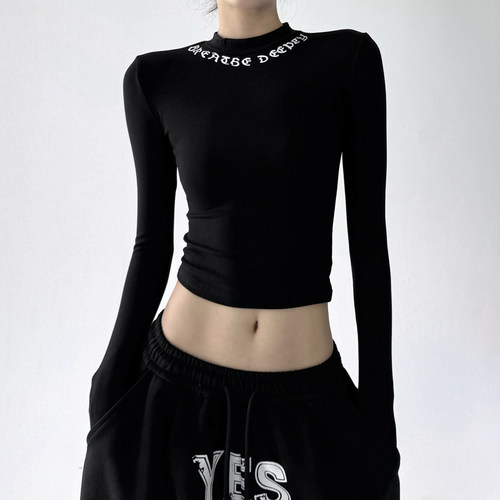 2025秋季修身显瘦打底衫上衣高腰短款露肚脐长袖秋冬装t恤学生女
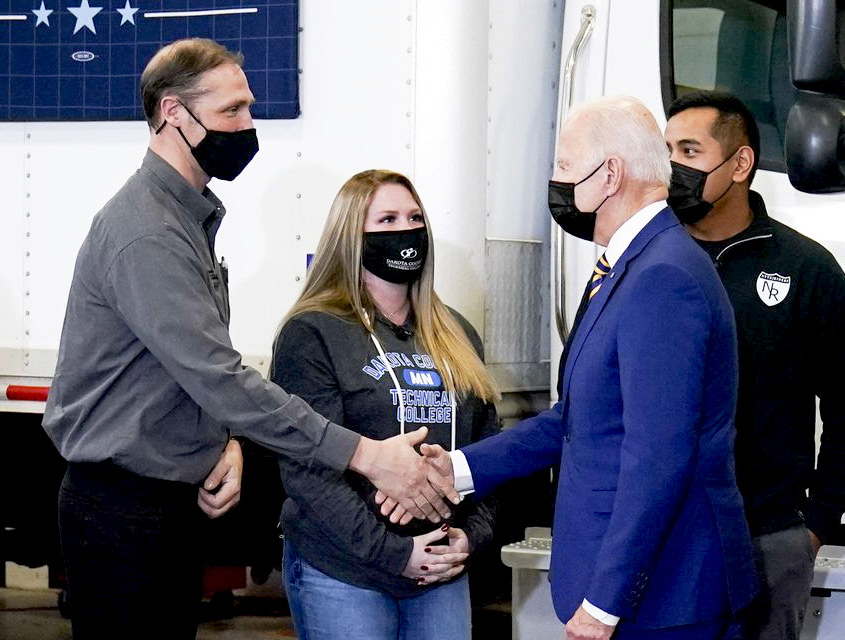 MNTCOE's tweet photo. Chris had the honor of being able to speak with President Biden yesterday afternoon during his tour of DCTC programs that support critical infrastructure. https://t.co/1Jjk0e24Q1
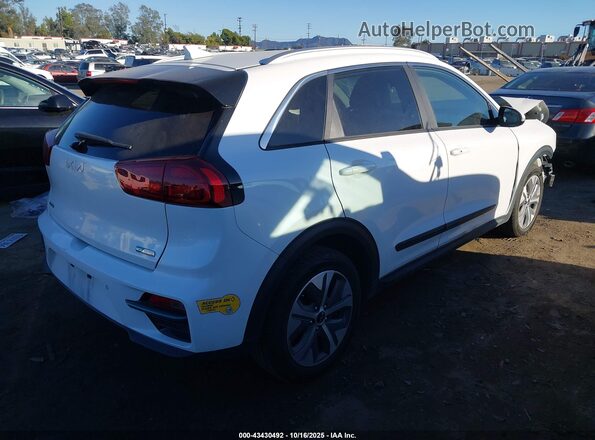 KNDCE3LG4N5134920 2022 KIA NIRO EV White უკანა მარჯვენა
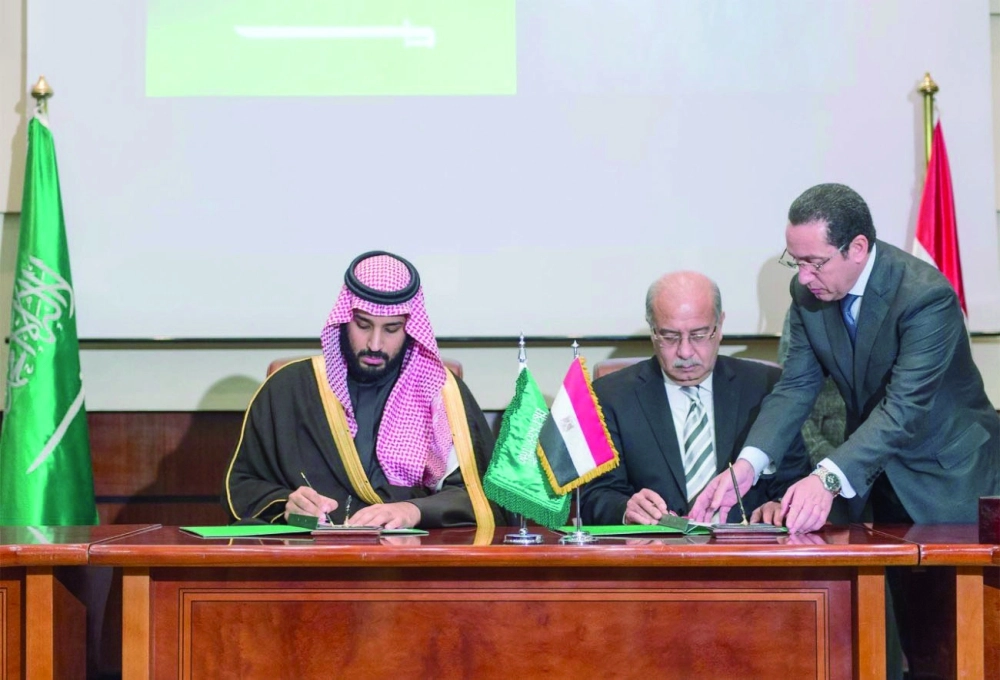 الأمير محمد بن سلمان ورئيس الوزراء المصري شريف إسماعيل أثناء مجلس التنسيق السعودي المصري في القاهرة (مكة )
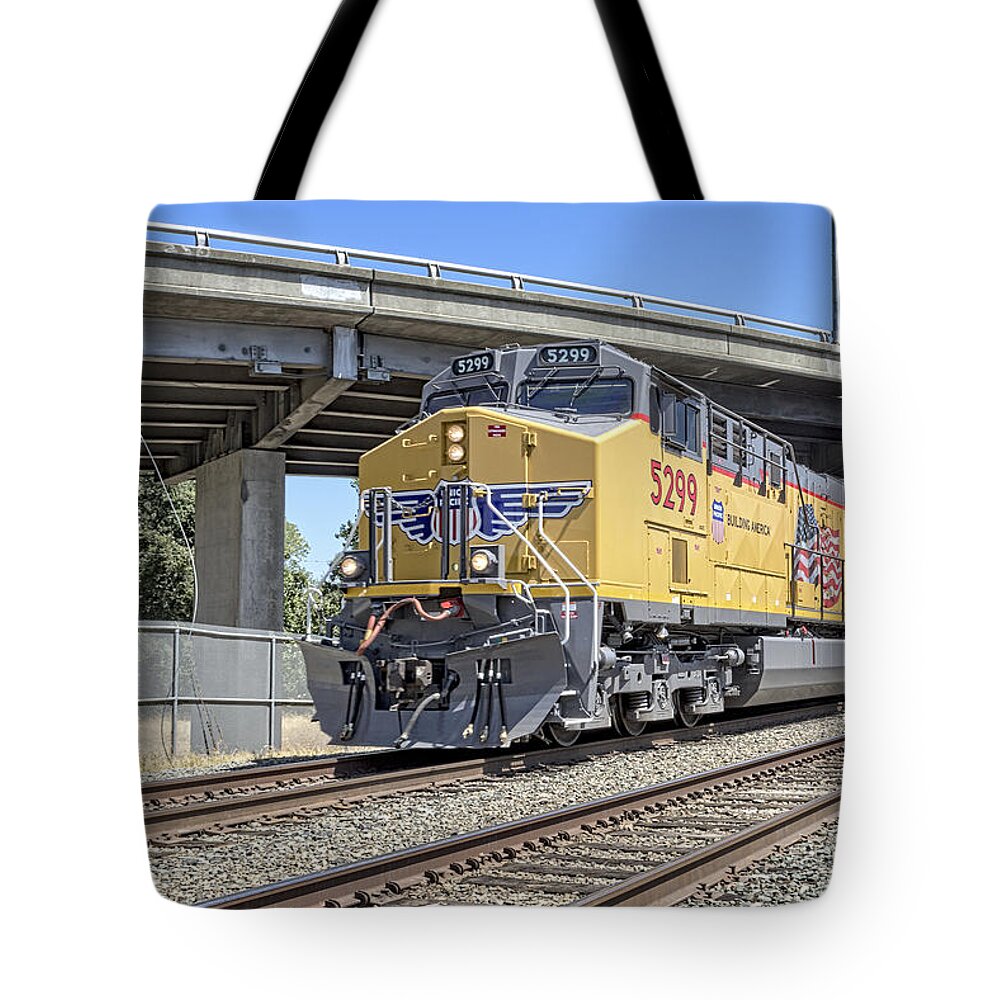 Ac45ccte Tote Bag featuring the photograph Up5299 by Jim Thompson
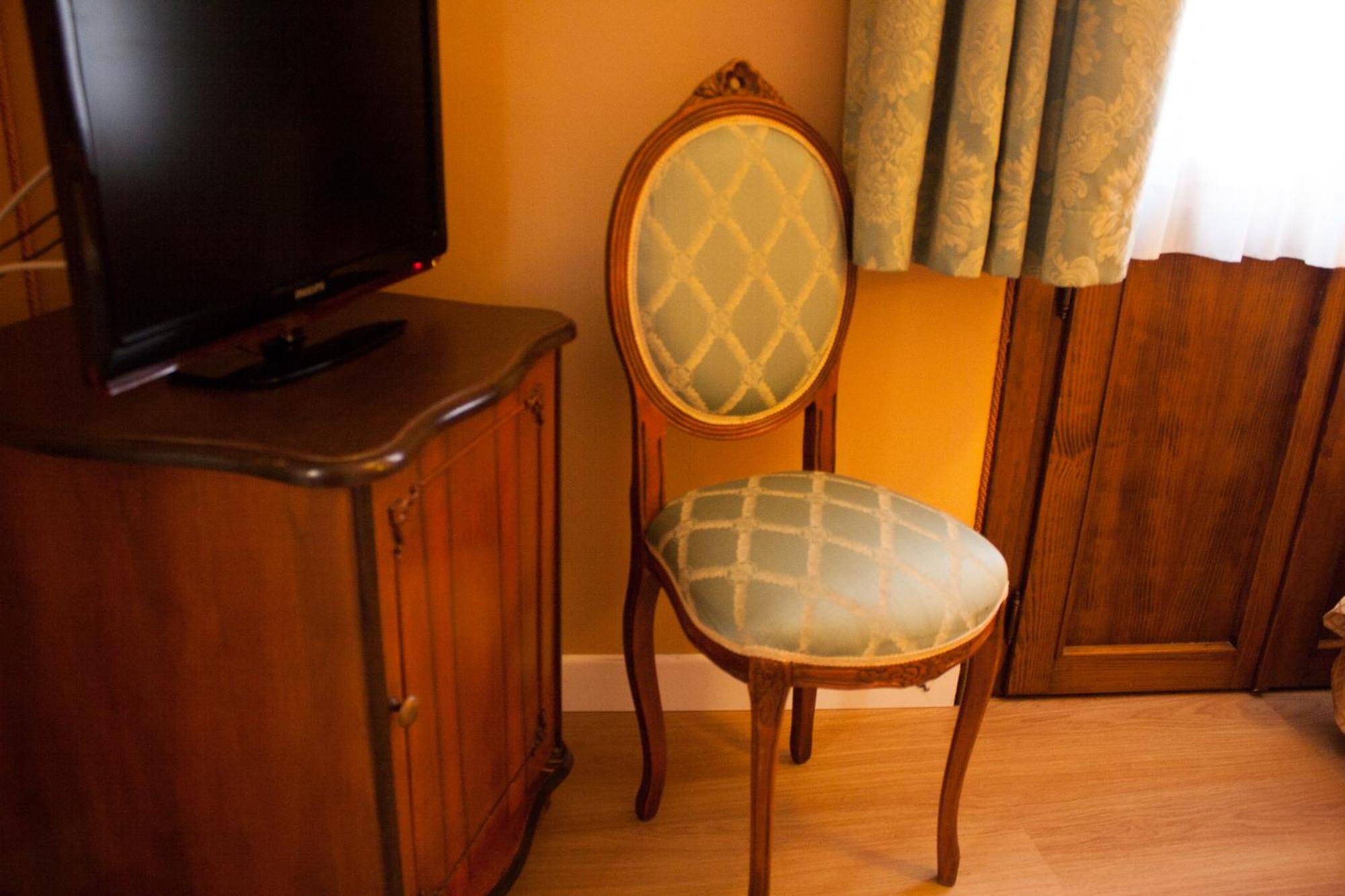 Single Room with Canal View photo 1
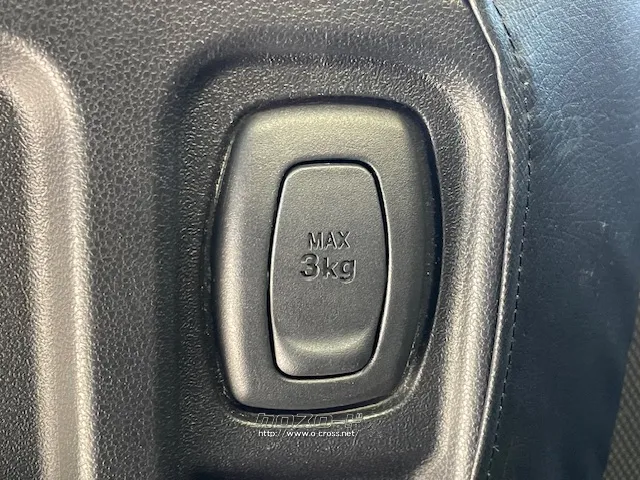 自社整備工場・板金工場を備え、車検から事故の修理まで対応致します。 ダイハツ ウェイク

§

Task brief –
Extract the lines beginning with the one that contains "MNTCOE's tweet photo." and ending with the last line of the listing. Keep them exact and drop the pictures.

Output of the exercise –
 MNTCOE's tweet photo. Chris had the honor of being able to speak with President Biden yesterday afternoon during his tour of DCTC programs that support critical infrastructure. https://t.co/1Jjk0e24Q1
 KNDCE3LG4N5134920 2022 KIA NIRO EV White უკანა მარჯვენა
 الأمير محمد بن سلمان ورئيس الوزراء المصري شريف إسماعيل أثناء مجلس التنسيق السعودي المصري في القاهرة (مكة )
 Ac45ccte Tote Bag featuring the photograph Up5299 by Jim Thompson
 Single Room with Canal View photo 1
 自社整備工場・板金工場を備え、車検から事故の修理まで対応致します。 ダイハツ ウェイク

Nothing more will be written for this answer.